Twenty six and Two


At 9:30 on a sunny Friday morning in small-town Connecticut, a teacher heard a sequence of unfamiliar sounds … pop, pop, pop. Fireworks? Gunshots? Both were unlikely noises coming from a classroom down the hall. But it was indeed gunfire. That teacher and her students survived, but minutes later twenty six people lay dead; twenty of them were children. The school principal and the school psychologist were among the dead adults.

How does something like this happen? Mass shootings are hard enough to understand, but it is even worse when children are targeted. Schools in Columbine and at Virginia Tech, a movie theatre, a hospital, a shopping mall … none of it makes sense. Yet we try to process and explain. If the school psychologist wasn’t a victim in yesterday’s massacre, he or she would be analyzing the shooter.

What leads a 20-year-old male (I refuse to call him a man) to kill his mother, then go to a classroom and kill twenty elementary school children? And don’t give me that “God’s will” crap – even on a bad day, God is not a psychopathic killer. Can we learn something from this? Usually I would say yes, but the only lesson I see here is the need for increased disaster planning in schools.

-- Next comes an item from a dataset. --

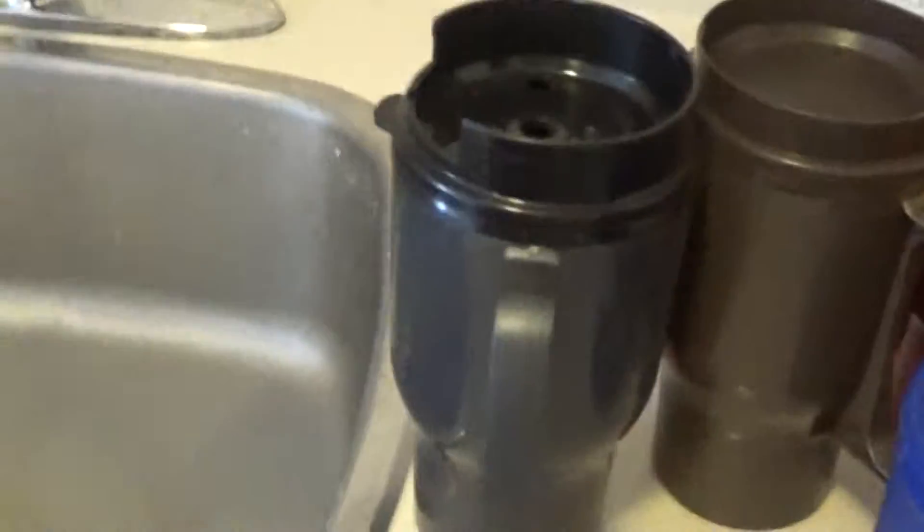Hey YouTubers, we're going to have some travel mugs to review. I hope some good travel mugs can take me up hunting and fishing. These are the good ones we're going to talk about in the U.S. And let's get started.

I grew up thinking school was a safe place. I can’t imagine how I would feel now as a student … or a parent. And one of my initial thoughts related to the teachers. My sister and one of my best friends and my neighbor across the street and many other people I know are teachers. I am almost afraid to ask for their reaction to the latest school shootings. Are they ever afraid to enter their classrooms after an incident like this?

The pro gun and anti gun people are already shouting out, rekindling two sides of the gun control debate. My usual conundrum … I can see both sides. The ‘guns don’t kill, people do’ argument is flawed. While it is true that a determined psycho will find a way to kill even if guns aren’t available, our culture accepts guns, so acquiring them is easy. Guns DO kill people. On the other side of the debate … the guns used yesterday were legally obtained and registered. In fact, they were owned by the shooter’s mother. Gun control laws would not have stopped this one. Would less acceptance of guns in our culture have helped? Who knows?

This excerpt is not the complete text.